The Count gave none of his attention to Italy, and rendered it almost impossible for Oswald to be entertained by it. D'Erfeuil turned from his friend's admiration of a fine country, and sense of its picturesque charm; our invalid listened as oft as he could to the sound of the winds, or the murmur of the waves; the voice of nature did more for his mind than sketches of coteries held at the foot of the Alps, among ruins, or on the banks of the sea. His own grief would have been less an obstacle to the pleasure he might have tasted than was the mirth of d'Erfeuil. The regrets of a feeling heart may harmonize with a contemplation of nature and an enjoyment of the fine arts; but frivolity, under whatever form it appears, deprives attention of its power, thought of its originality, and sentiment of its depth. One strange effect of the Count's levity, was its inspiring Nevil with diffidence in all their affairs together.

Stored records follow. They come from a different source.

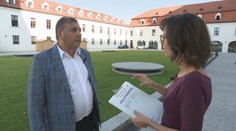 S číslom 20 kandiduje SDKÚ. Mikuláša Dzurindu ani iného pôvodného člena tam už nenájdete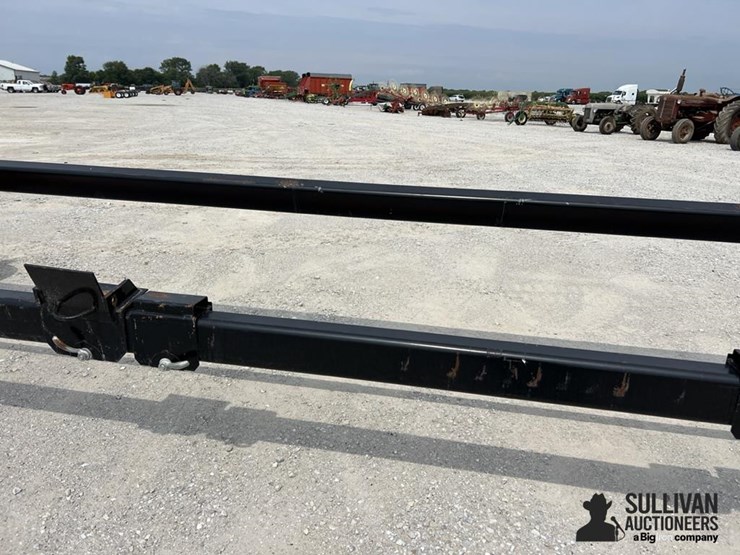 ez-trail-880-image-11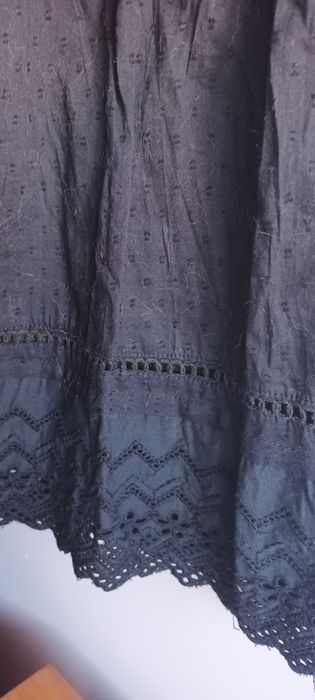 Vestido Women's Secret
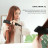 Стайлер Cecotec RitualCare Wet&amp;Dry (CCTC-04328)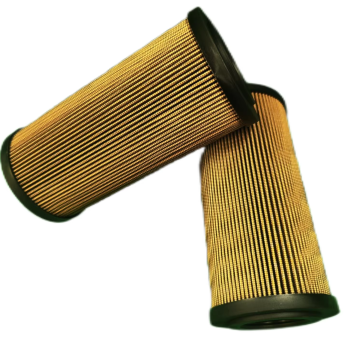 Ingersoll Rand Parts Filter Element Double Oil Filter 67912048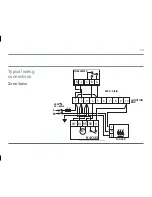 Preview for 13 page of Honeywell TH9320WFV Installation Manual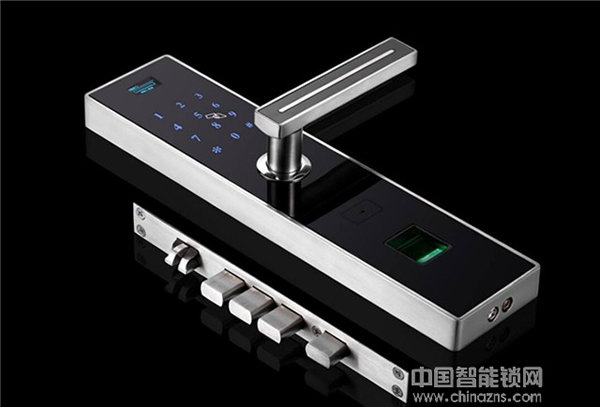 豪諾智能鎖好嗎_豪諾智能鎖質量怎么樣 豪諾智能鎖好嗎_豪諾智能鎖質量怎么樣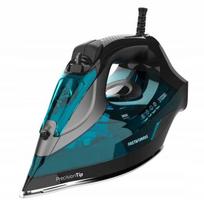 Garų lygintuvas Cecotec Fast&Furious 5055 Pro, 3100 W, 65 g/min Turbo Slide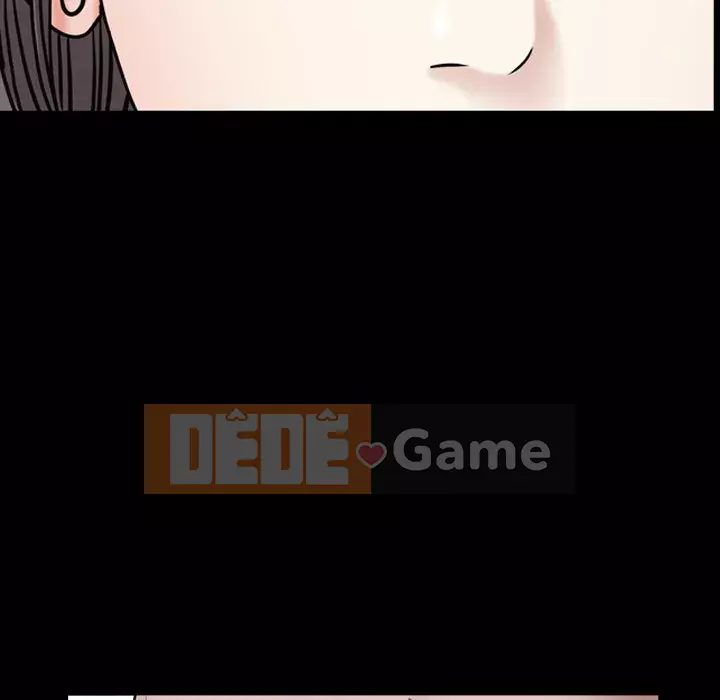 Xiềng xích 2: Đi chân đất Chương 7-8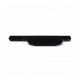 Bateria FUJITSU LIFEBOOK A544 10.8V FPCBP405 TGBAT2219 Compativel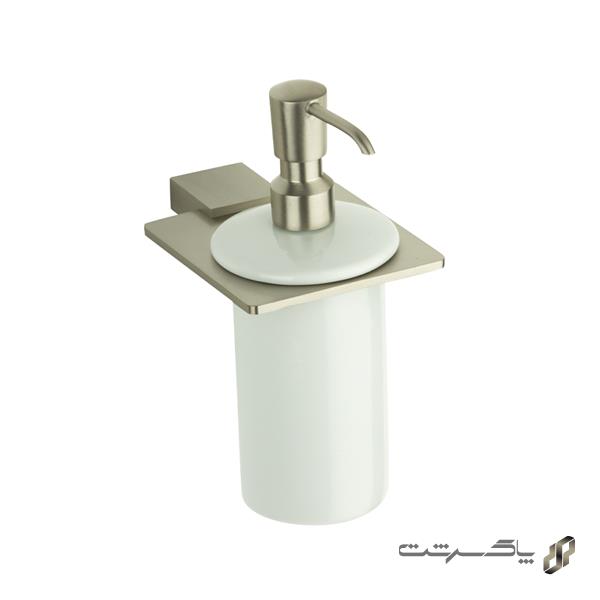 جای مایع فریزیا B90253ST/BN برند دفنه بانیو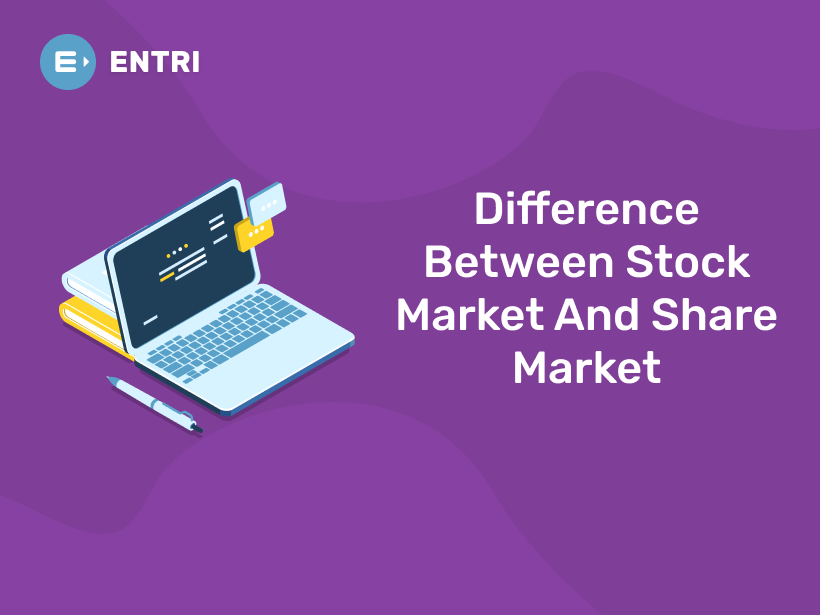 difference-between-stock-market-and-share-market-entri-blog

The most reasoning characters are often the easiest abashed. The giddy embarrass and overawe the contemplative; and the being who calls himself happy appears wiser than he who suffers. D'Erfeuil was every way mild, obliging, and free; serious only in his self-love, and worthy to be liked as much as he could like another; that is, as a good companion in pleasure and in peril, but one who knew not how to participate in pain. He wearied of Oswald's melancholy; and, as well from the goodness of his heart as from taste, he strove to dissipate it. "What would you have?" he often said. "Are you not young, rich, and well, if you choose? you are but fancy-sick. I have lost all, and know not what will become of me; yet I enjoy life as if I possessed every earthly blessing."—"Your courage is as rare as it is honorable," replied Nevil; "but the reverses you have known wound less than do the sorrows of the heart."—"The sorrows of the heart! ay, true, they must be the worst of all; but still you must console yourself; for a sensible man ought to banish from his mind whatever can be of no service to himself or others. Are we not placed here below to be useful first, and consequently happy? My dear Nevil, let us hold by that faith."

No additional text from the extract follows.